CN-121995935-A - Multi-unmanned aerial vehicle navigation collaborative environment monitoring implementation method based on deep reinforcement learning

CN121995935ACN 121995935 ACN121995935 ACN 121995935ACN-121995935-A

Abstract

The invention discloses a multi-unmanned aerial vehicle navigation collaborative environment monitoring implementation method based on deep reinforcement learning, and belongs to the technical field of unmanned aerial vehicle navigation.
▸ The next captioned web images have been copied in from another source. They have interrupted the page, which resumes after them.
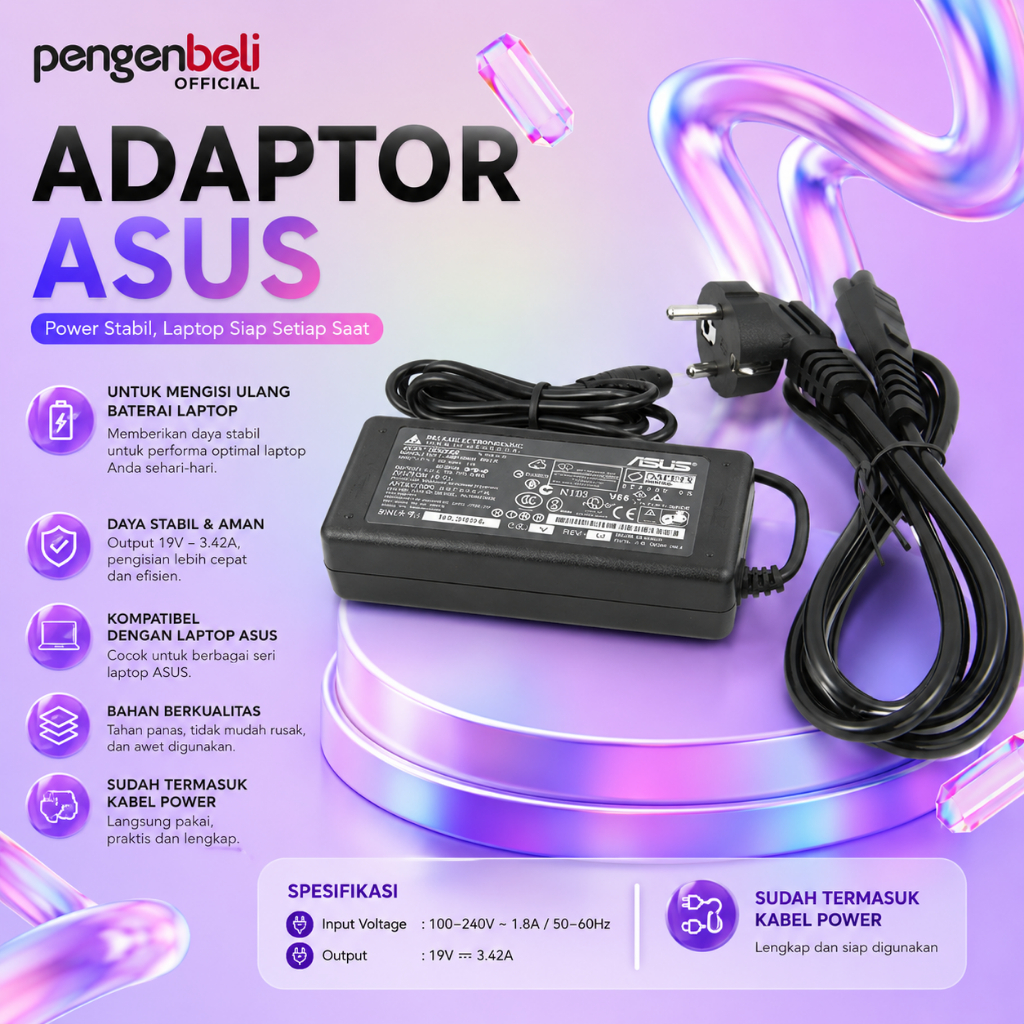 ADAPTOR LAPTOP ASUS MURAH CHARGER NOTEBOOK 19V - 3.42A CAS BONUS KABEL POWER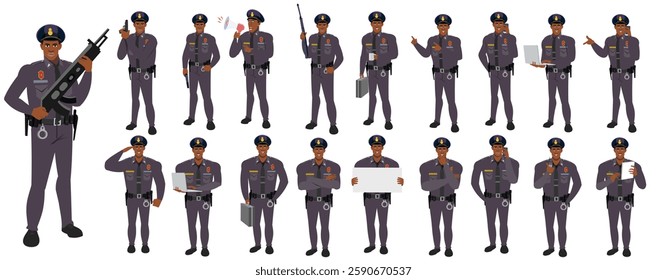 Police Officer Character Design Model Sheet. Man, Character design. Front, side, back view and explainer animation poses. Character set with lip sync and Walk cycle animation sequences.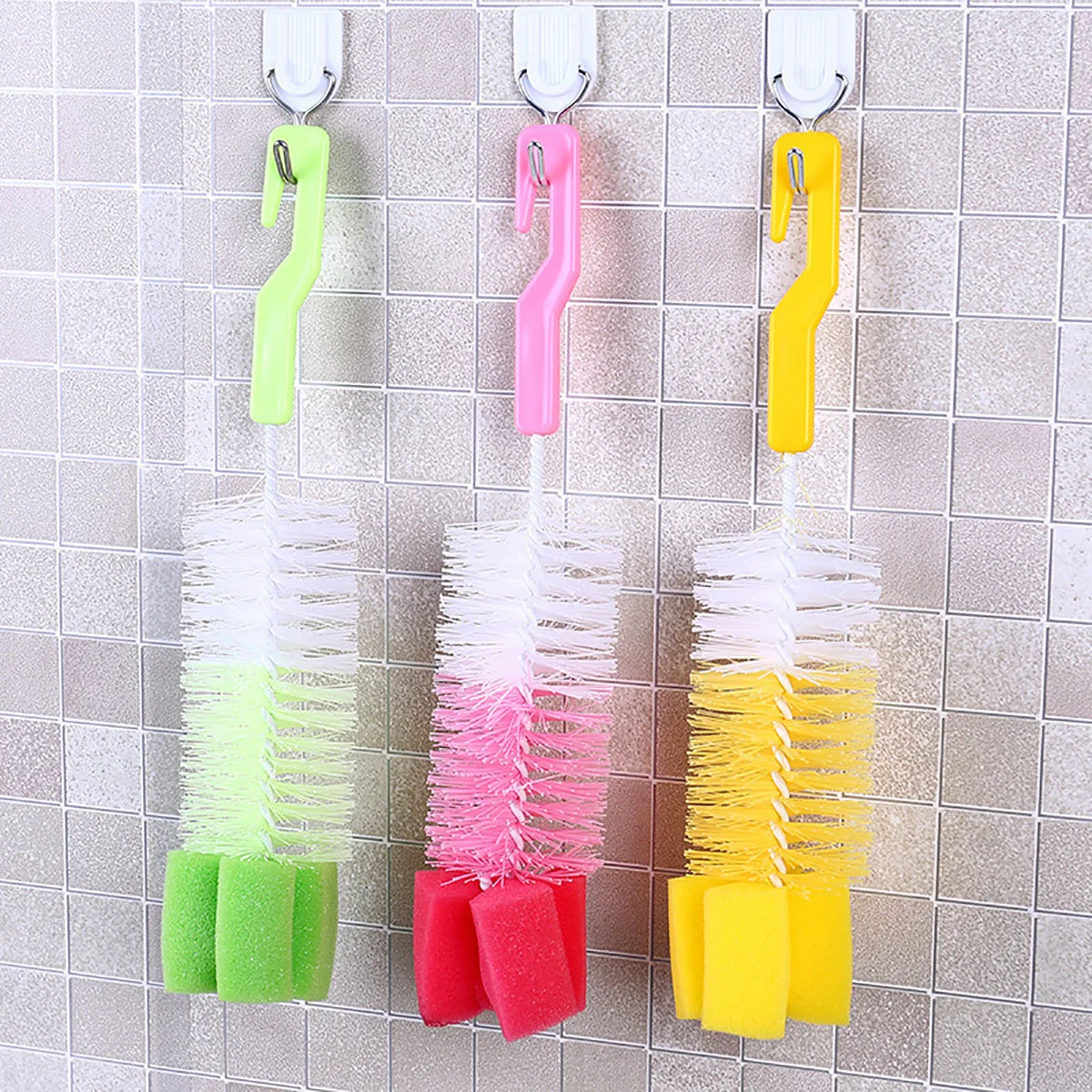 Baby Bottle Brush Multi-Purpose Long Handle Fine Hair Sponge Cleaning Brush Household Dishwashing Cup Washing Cleaning Tools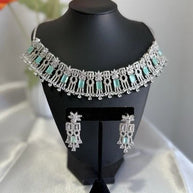 Mint Green CZ Choker Necklace Earrings Set Silver Tone Pakistani Jewelry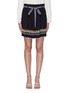 Main View - Click To Enlarge - COMME MOI - Belted tribal embroidered paperbag shorts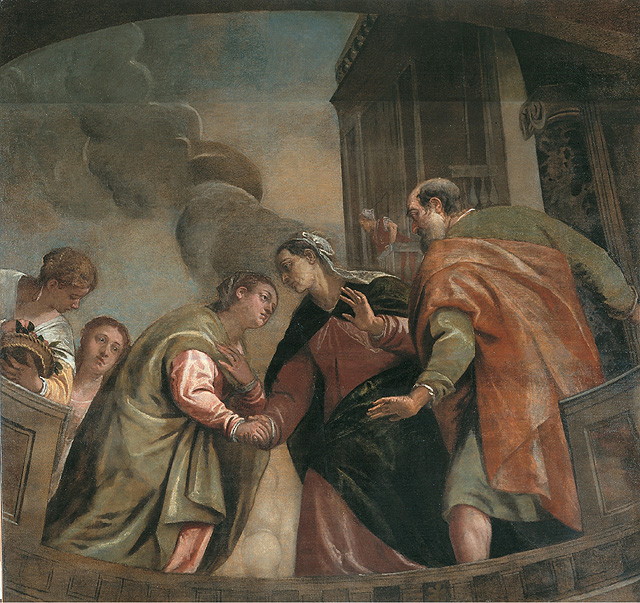 visitazione (dipinto, opera isolata) di Caliari Paolo detto Veronese (bottega) (terzo quarto sec. XVI)
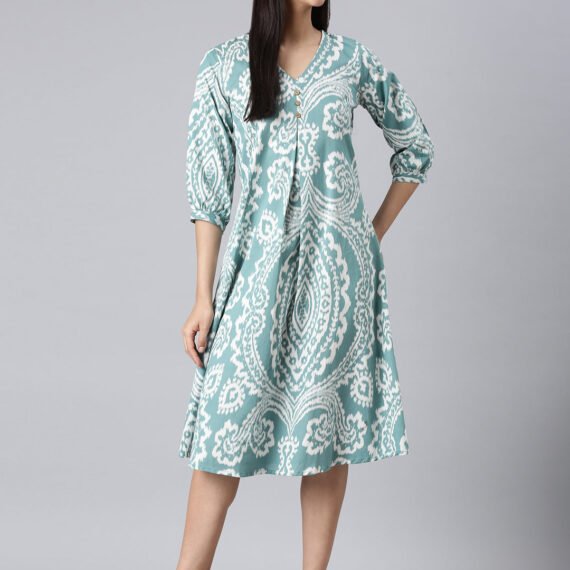 Sadguru Sea Green Casual Floral A-Line Kurta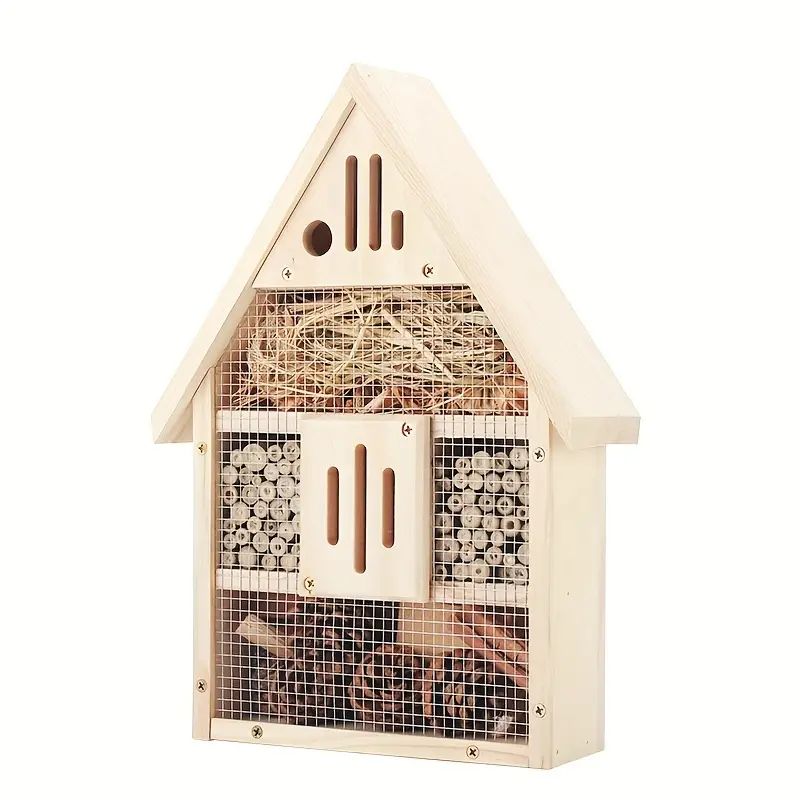 Large Wooden House For Insect Bee Butterfly, Diy Refillable Insect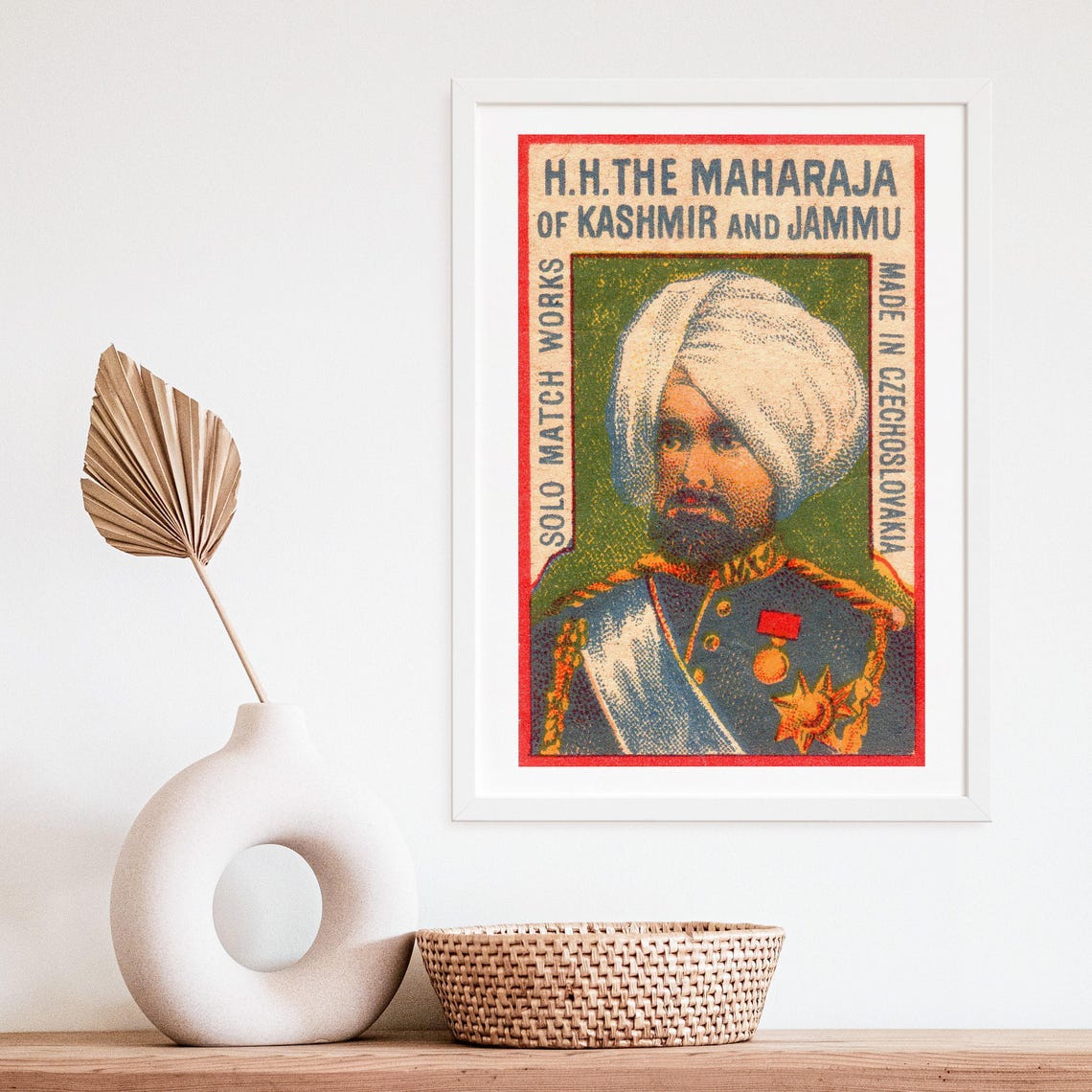 Maharaja of Kashmir and Jammu Portrait Czech Matchbox Poster - Image 4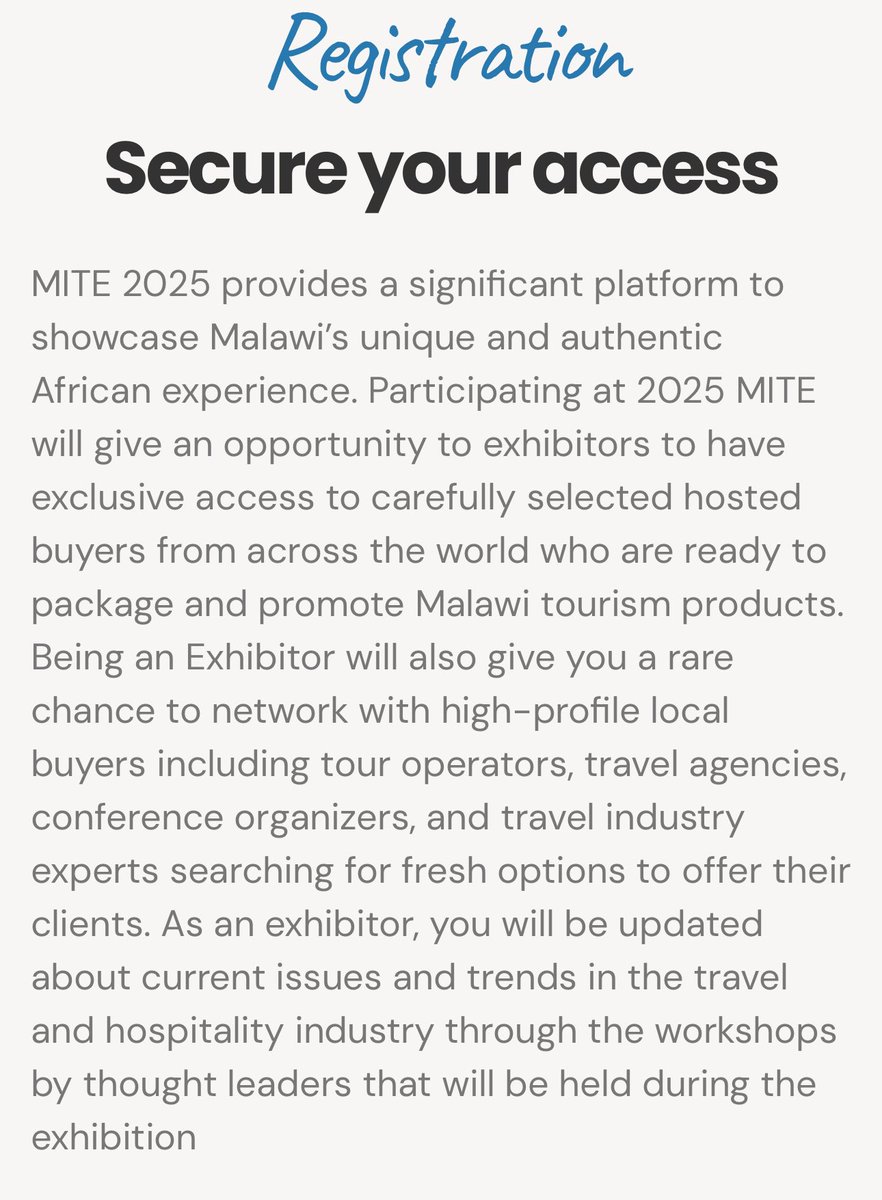 Kondwani Kintu, MPRSM (@kaykintu) on Twitter photo <a href="/joshmwendo/">Joshua Mwendo</a> Why then, is it called “Takulandirani Malawi?”.
Which International Exhibitors are there? Also why is it called “Malawi INTERNATIONAL Tourism Expo?”
Who are these “buyers from across the world”
How many products have been “packaged and promoted” from the previous 5 editions? <a href="/joshmwendo/">Joshua Mwendo</a> Why then, is it called “Takulandirani Malawi?”.
Which International Exhibitors are there? Also why is it called “Malawi INTERNATIONAL Tourism Expo?”
Who are these “buyers from across the world”
How many products have been “packaged and promoted” from the previous 5 editions?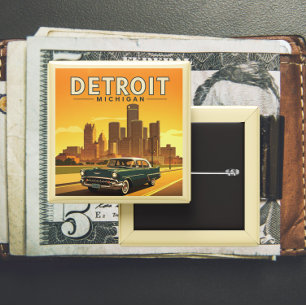 Chapa Cuadrada Vintage Detroit Michigan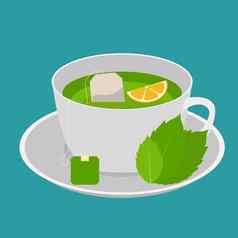 杯绿色薄荷茶柠檬平设计向量插图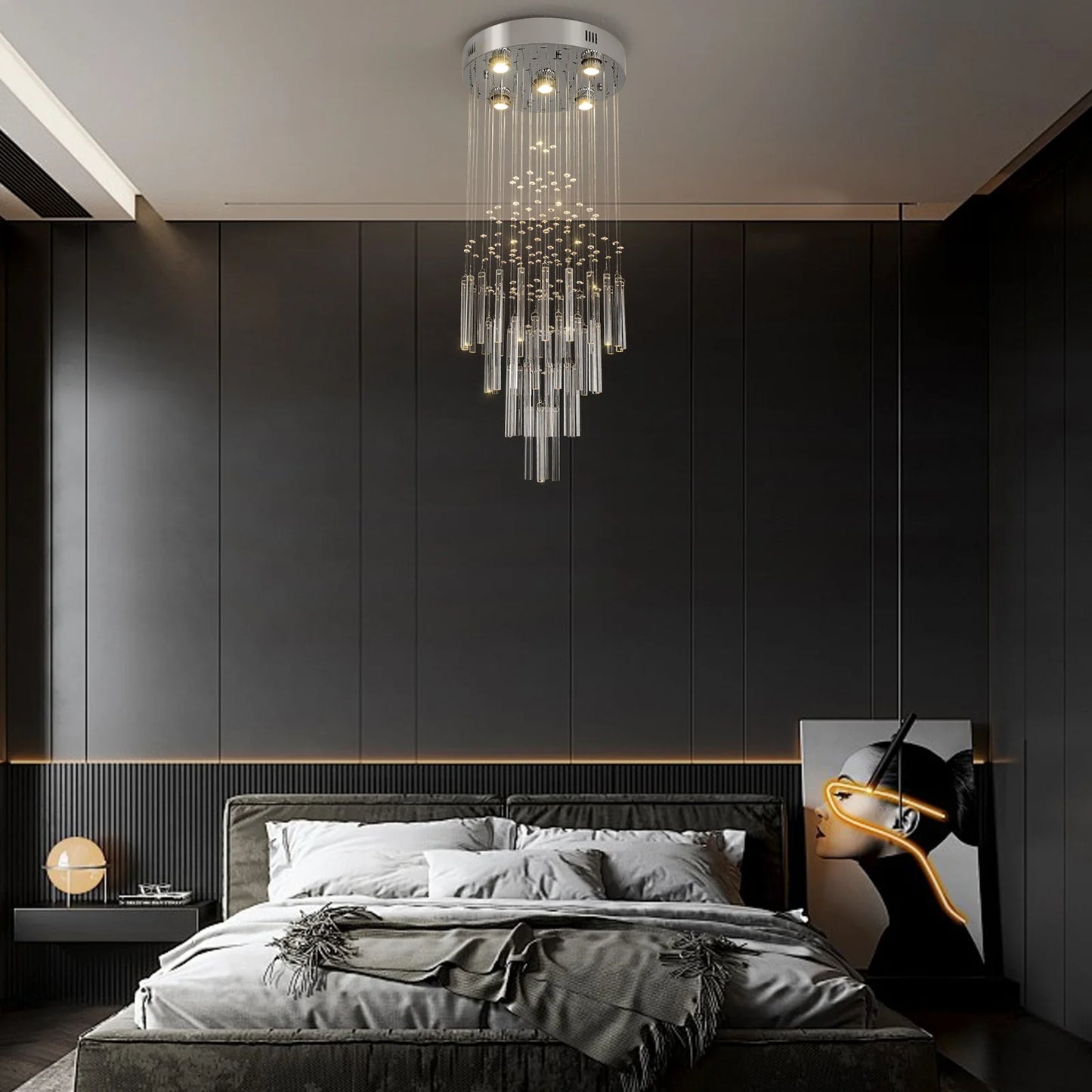 VETRULUS Crystal Ceiling Chandelier Luxury Home Decor Living Room Bedroom  Pendant Lights Lustre Lighting Fixture Ceiling Lamps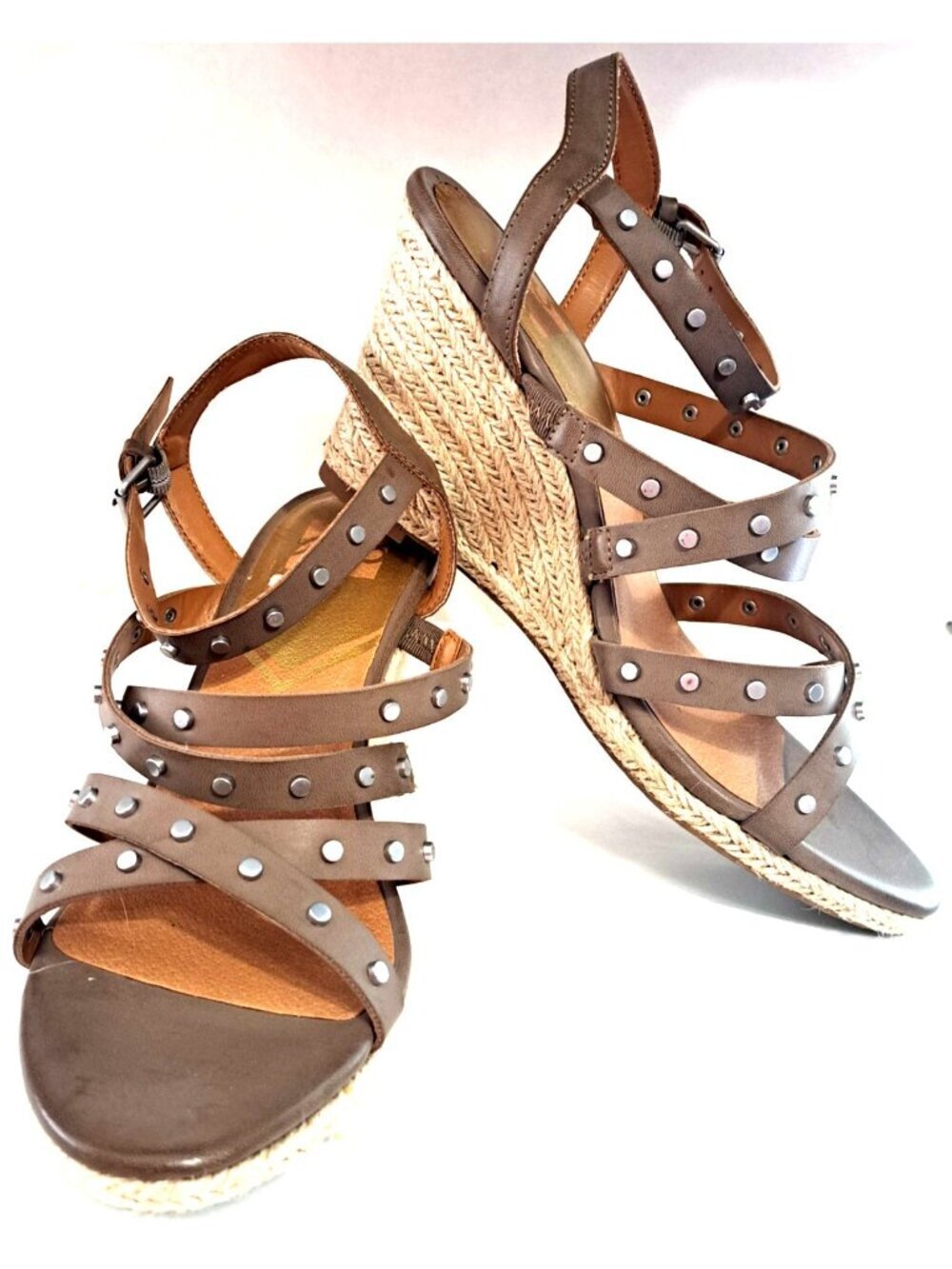 Dolce Vita Women's 9 Maxton Tan Espadrille Strappy Studded Square Wedge Sandals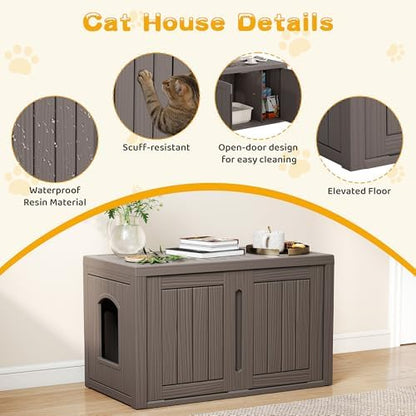 Cat Litter Box Enclosure, Multi-Functional Hidden Enclosed Litter Box Furniture with Adjustable Partition, Indoor Outdoor Cat House Weatherproof, Side Table, Easy to Clean & Assemble, Grey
The method comprises the steps of obtaining training data, carrying out deep reinforcement learning training based on the training data, inputting the data of each round into a deep reinforcement learning model, outputting a planning route by the model, randomly generating data by an Internet of things node in a poisson process, adding the node with the data into a node list to be accessed by an unmanned aerial vehicle, inputting the node into the deep reinforcement learning model to obtain a path planning scheme, further introducing a multi-unmanned aerial vehicle task allocation method based on dynamic planning after the high-quality unmanned aerial vehicle global flight path is obtained, and carrying out intelligent division on the path among a plurality of unmanned aerial vehicles according to the energy constraint of the unmanned aerial vehicle.

Inventors

WU PENGFEI
LIU XINYU
YANG QIHANG
SHA CHAO
HUANG HAIPING

Assignees

南京邮电大学

Dates

Publication Date: 20260508
Application Date: 20260128

Claims (3)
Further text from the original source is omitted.